Di wilayah visual, keterbatasan itu ternyata tidak ia temui. Dalam berkarya, ia bisa memulai dari mana pun, tidak harus dari awal atau akhir. Meski begitu, karyanya sampai saat ini masih kerap bermula dari sebuah syair.

Dalam karyanya yang dipamerkan kali ini, kalimat-kalimat yang ditulis di atas papan tulis itu sebagian ia pinjam dari pernyataan dan pemikiran sejumlah seniman yang ia kagumi, seperti Martin Kippenberger, Ed Ruscha, hingga lirik lagu Pink Floyd.

Sebagai bentuk penghormatannya pada syair, Alfi sengaja mengundang penyair senior Zawawi Imron untuk membuka pamerannya. Mereka berdua bahkan berkolaborasi untuk membuat karya instalasi berjudul ”Never Ending Lesson”.

Dalam karya ini, Alfi meletakkan tengkorak manusia dalam sebuah perahu kayu bercadik. Di dalam perahu itu, ia juga menaruh berpotong-potong kapur tulis warna-warni. Tengkorak itu bisa jadi menggambarkan kondisi seorang nelayan di laut yang sebenarnya adalah tengkorak berbalut daging. ”Ide kapal ini dari Pak Zawawi,” kata Alfi.

Kurator Enin Supriyanto yang menulis untuk pameran ini dengan mengutip penulis Puthut EA menyatakan, karya-karya Alfi hadir atas dorongan masa lalu. Hidup yang dijalani dan dialami dari masa lalu secara acak namun beruntun muncul kembali dalam karya-karyanya.
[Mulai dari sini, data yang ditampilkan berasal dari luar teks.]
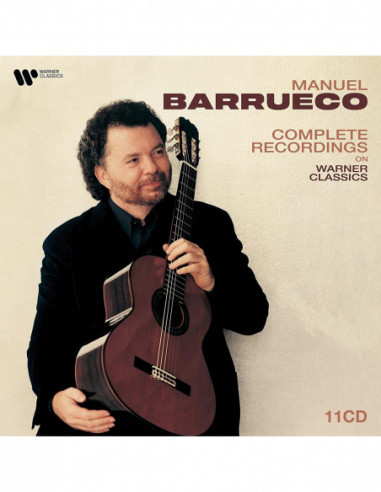 Manuel Barrueco - Complete Recordings On Warner - (CD)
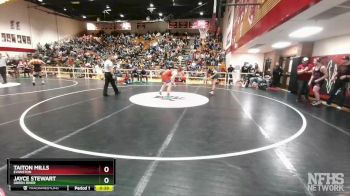 190 lbs Cons. Round 1 - Jayce Stewart, Green River vs Taiton Mills, Evanston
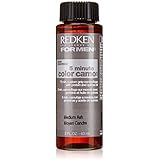 Redken 5 Minute Hair Color for Men, Medium Ash, 2 Ounce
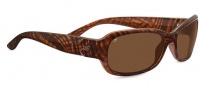 Serengeti Chloe Sunglasses Sunglasses - 7911 Shiny Honey Stripe Tortoise / Polarized Drivers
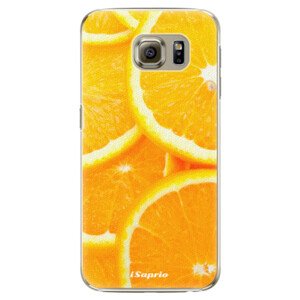 Plastové pouzdro iSaprio - Orange 10 - Samsung Galaxy S6 Edge Plus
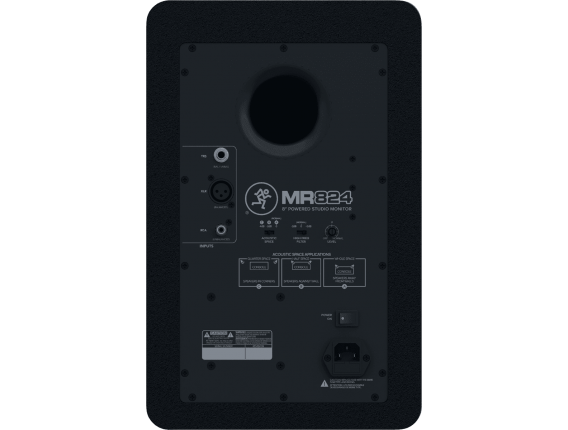 MACKIE MR824 - Monitor studio 65 watts 8" (unité)
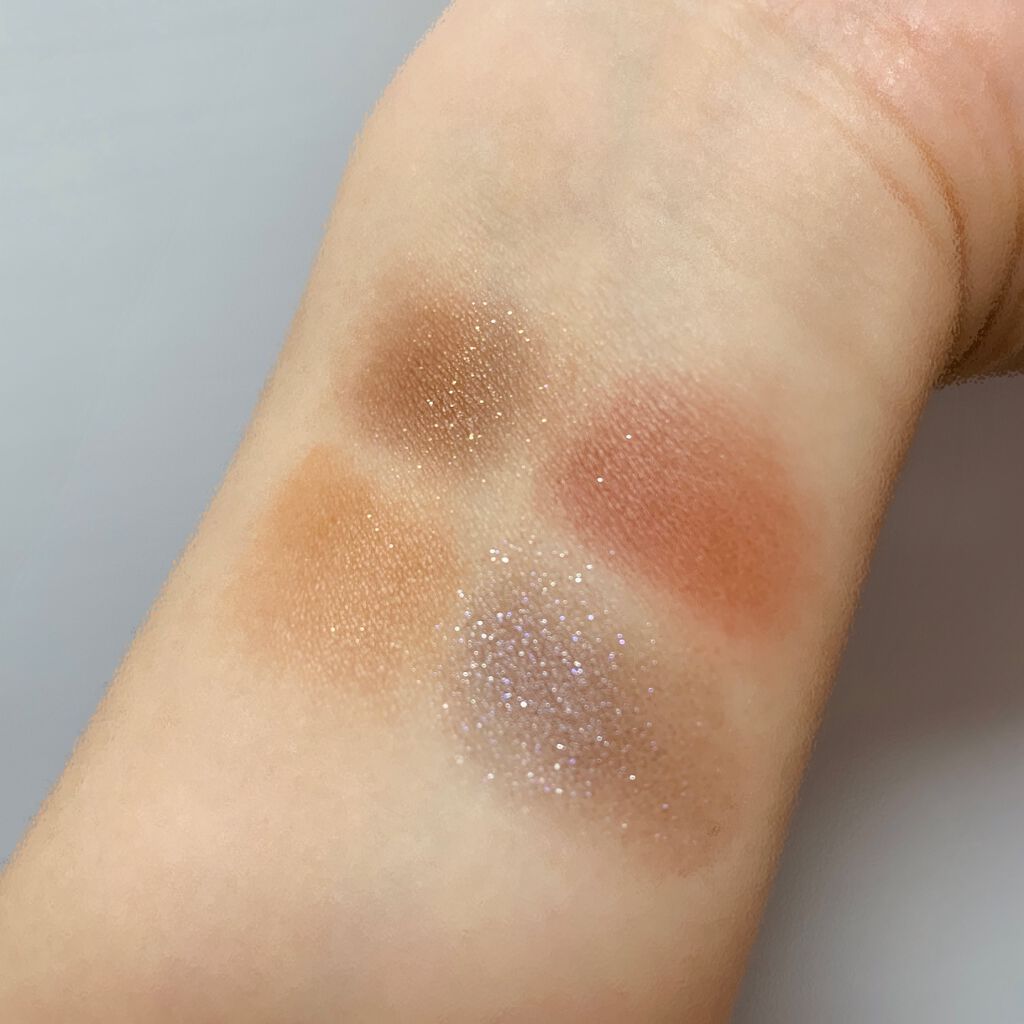 ミネラルクラッシィシャドー/エトヴォス/アイシャドウパレットを使ったクチコミ(2枚目)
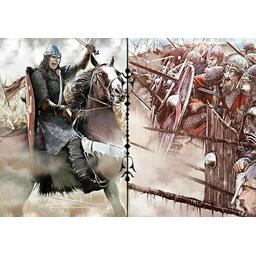 1066, Dans la Fureur et le Sang Artwork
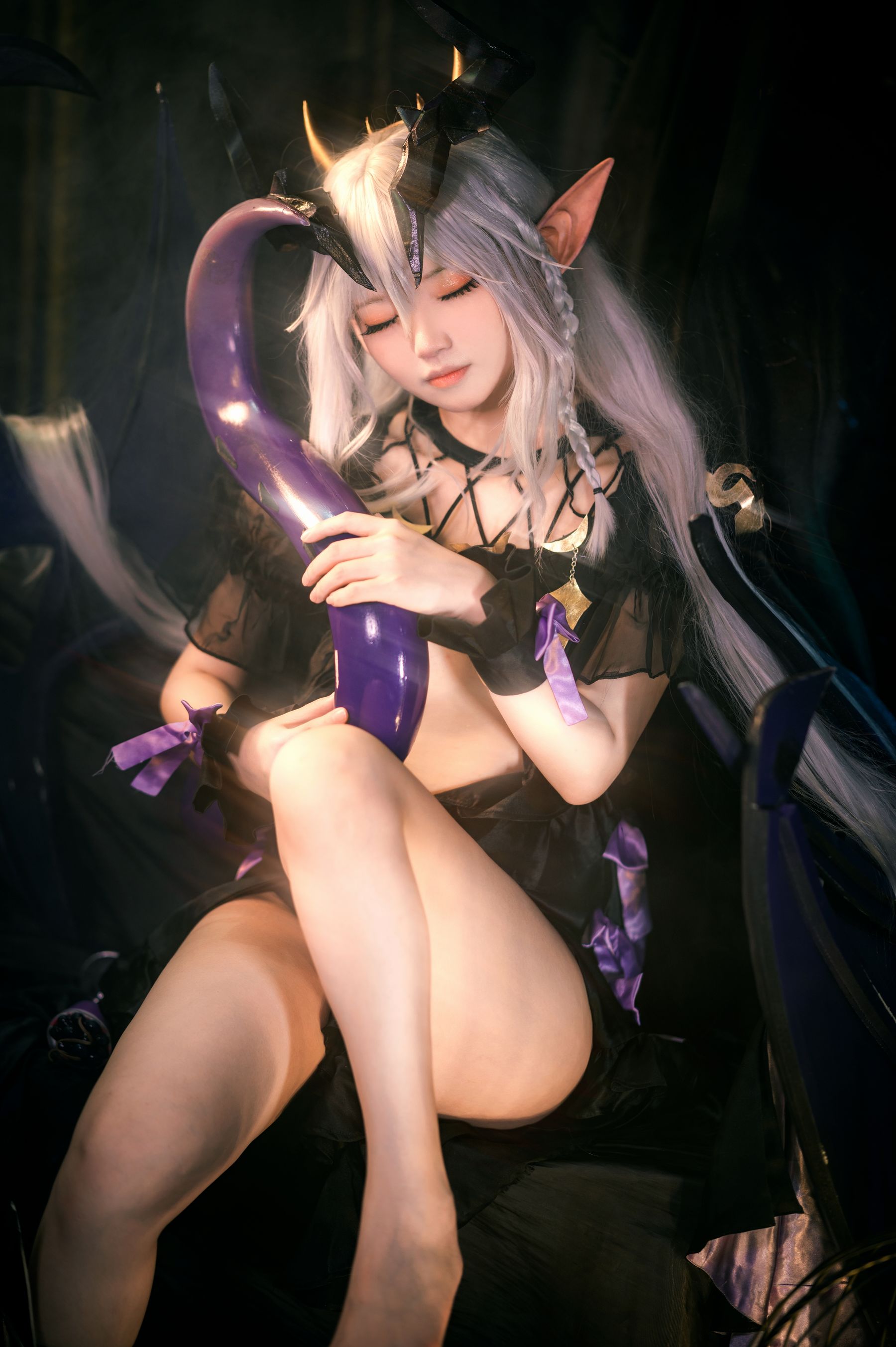 [福利COS] 伊喵君 - 四叶草剧场 法芙娜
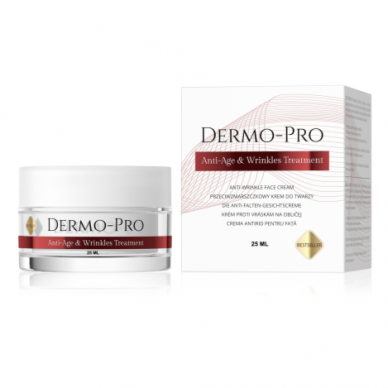 Dermo-Pro - krém proti starnutiu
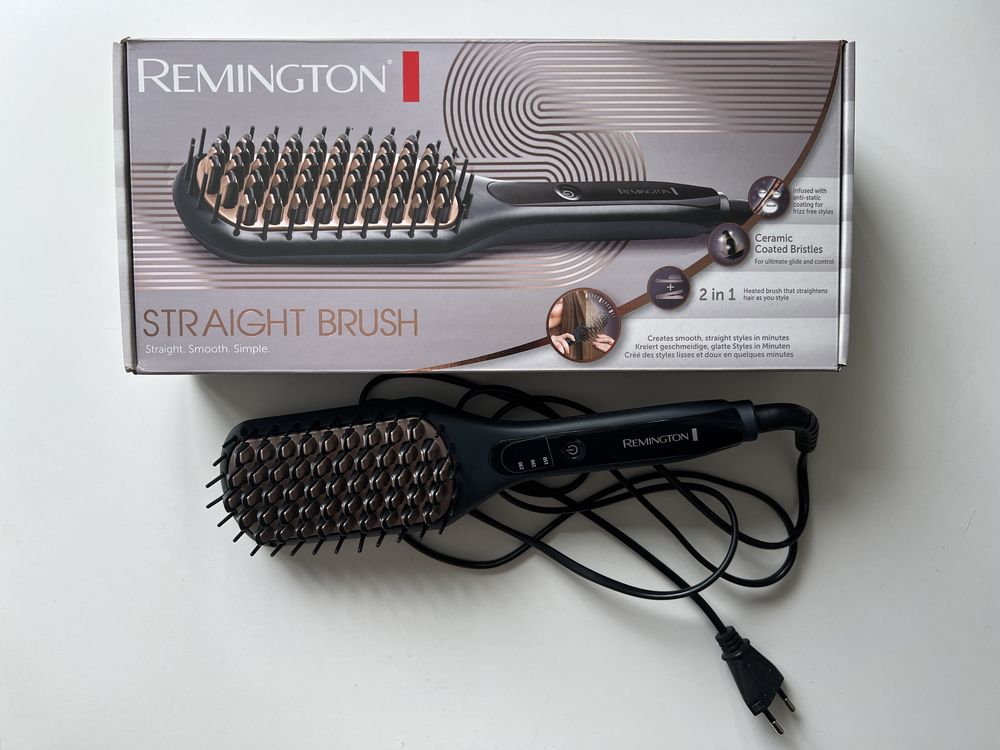 Remington Straight Brush szczotka prostująca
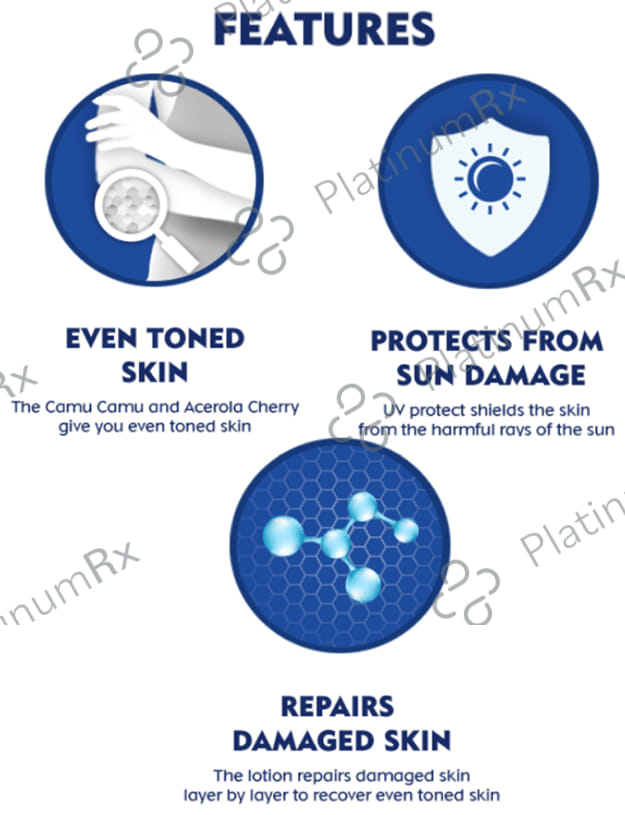 Nivea Natural Glow Body Lotion 200ml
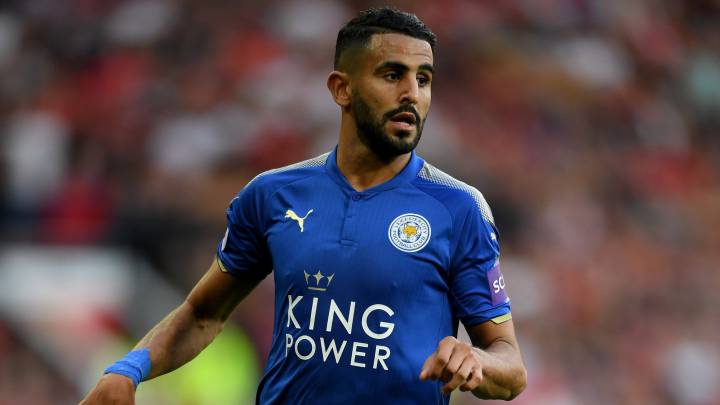 Mahrez leaves Algeria squad to sort move, Barcelona after ace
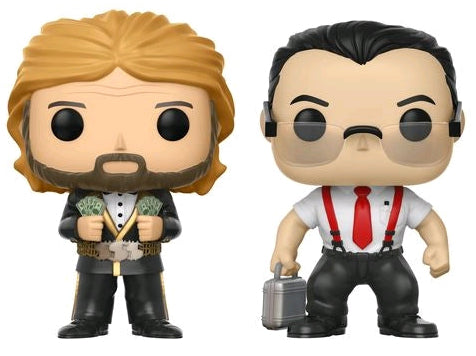 WWE - IRS and Million Dollar Man US Exclusive Pop! Vinyl 2-Pack - Ozzie Collectables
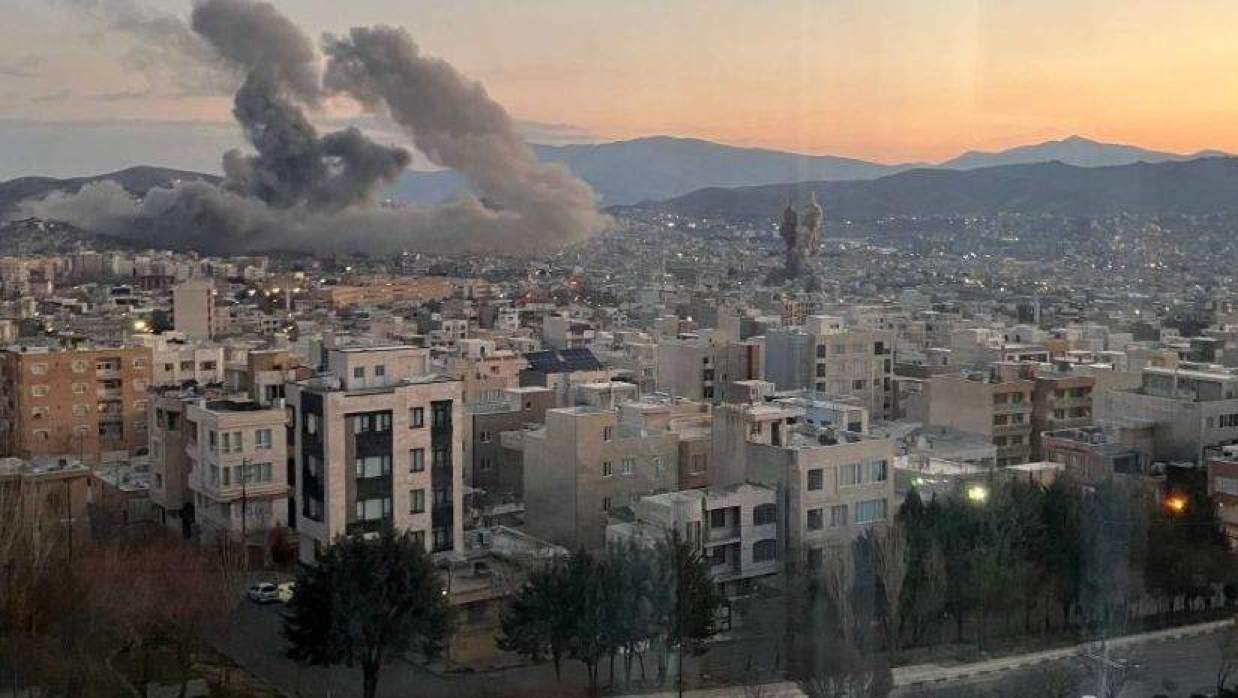 কুর্দিস্তান প্রদেশের পশ্চিমাঞ্চলীয় শহর সানন্দাজ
Itu juga yang terlihat dari pilihannya untuk menampilkan papan tulis, yang merupakan tempat untuk memaparkan informasi dan pengetahuan. Di papan tulis, pengetahuan itu mengalami proses ditulis dan dihapus berulang kali.

Bagi Alfi, papan tulis menyimpan jejak sejarah yang bisa ditelusuri. Ada teks yang mengabur di sana sehingga masa lalu yang tidak bisa ditemui lagi itu masih bisa dirasakan. Masa lalu, seperti papan tulis, memberikan pelajaran dengan caranya sendiri.